Task objective — Every line below is to be given again precisely; images are to be left out.

Source data —
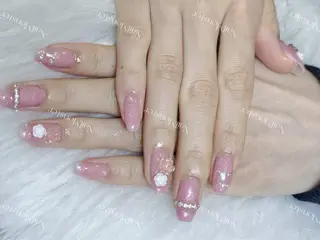 ネイル DIAMOND Nail🥇のネイルデザイン
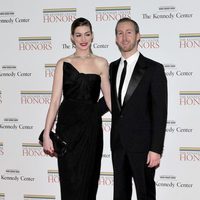 Anne Hathaway y su prometido Adam Shulman en la Gala Kennedy 2011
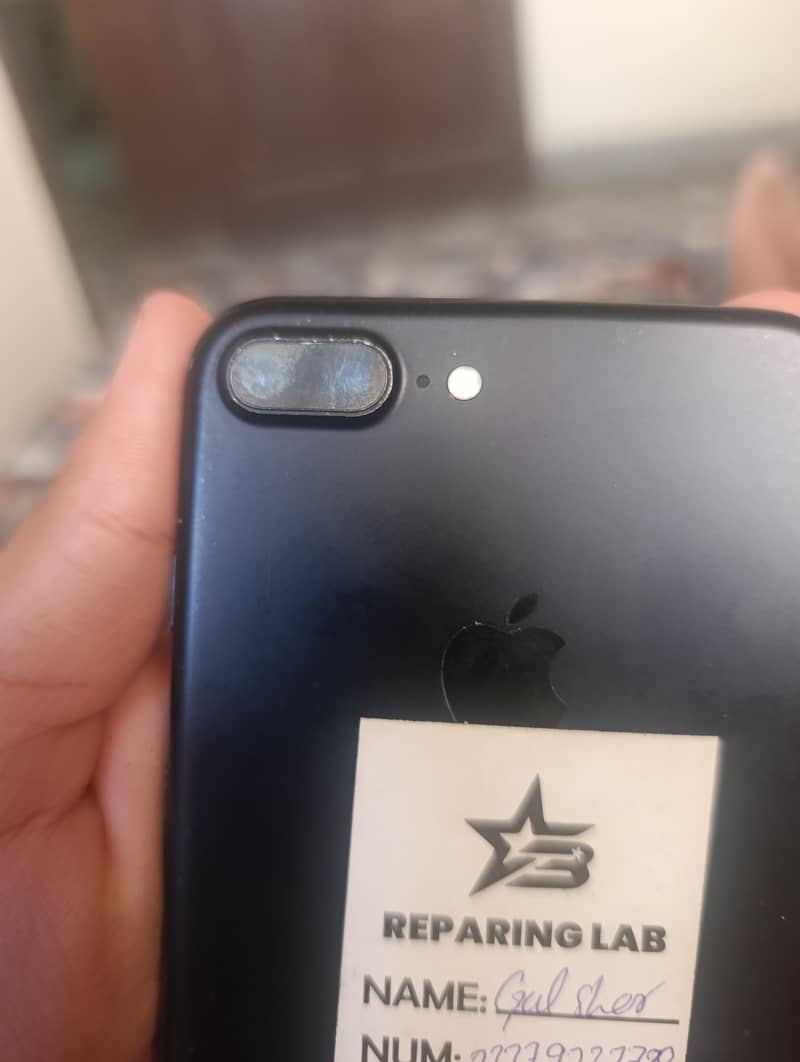 Apple iPhone 7 Plus 2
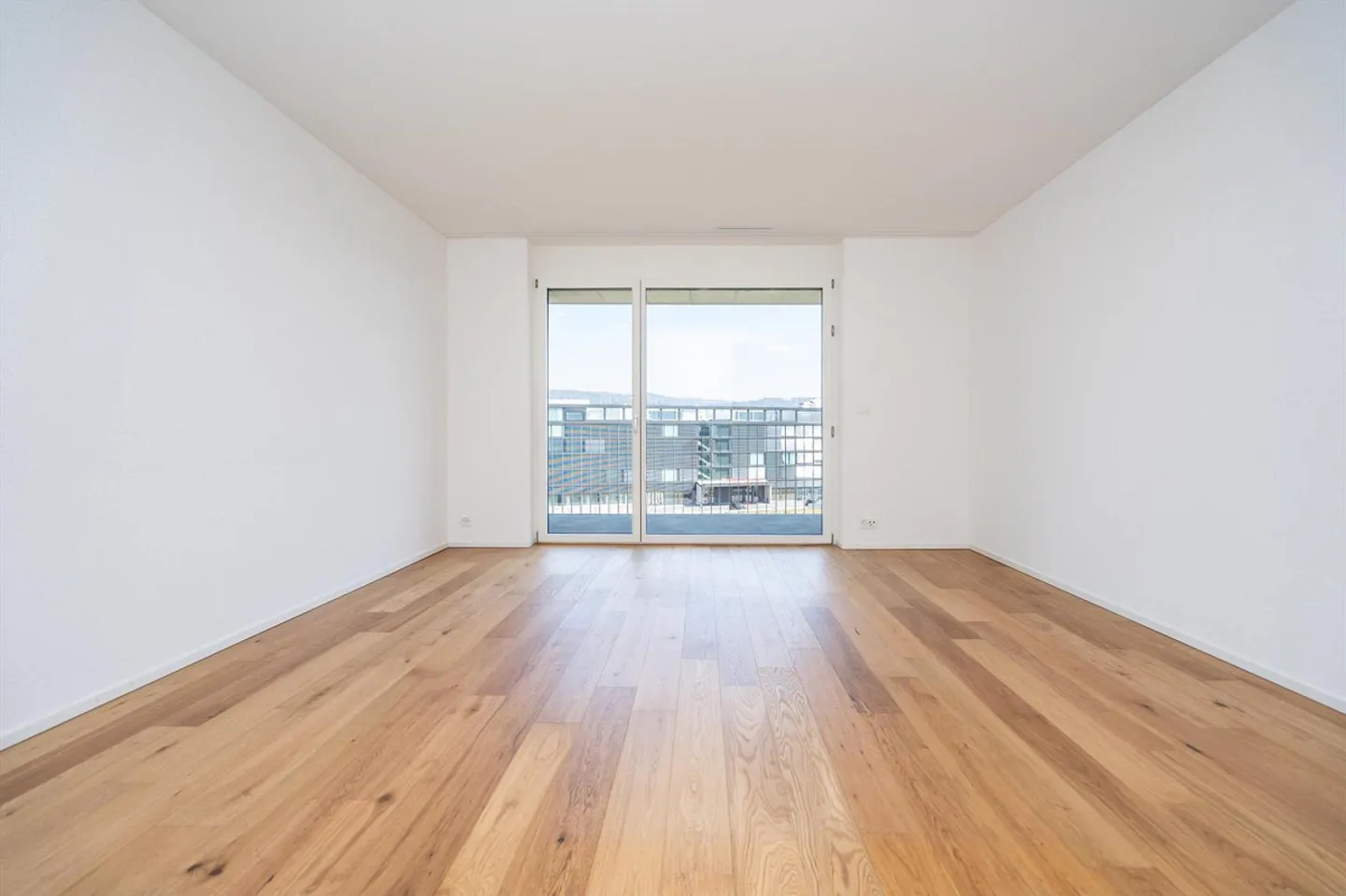 3.5 Room Apartment in Spreitenbach - Photo 4 of 8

Task response —
 ネイル DIAMOND Nail🥇のネイルデザイン
 Anne Hathaway y su prometido Adam Shulman en la Gala Kennedy 2011
 Apple iPhone 7 Plus 2
 3.5 Room Apartment in Spreitenbach - Photo 4 of 8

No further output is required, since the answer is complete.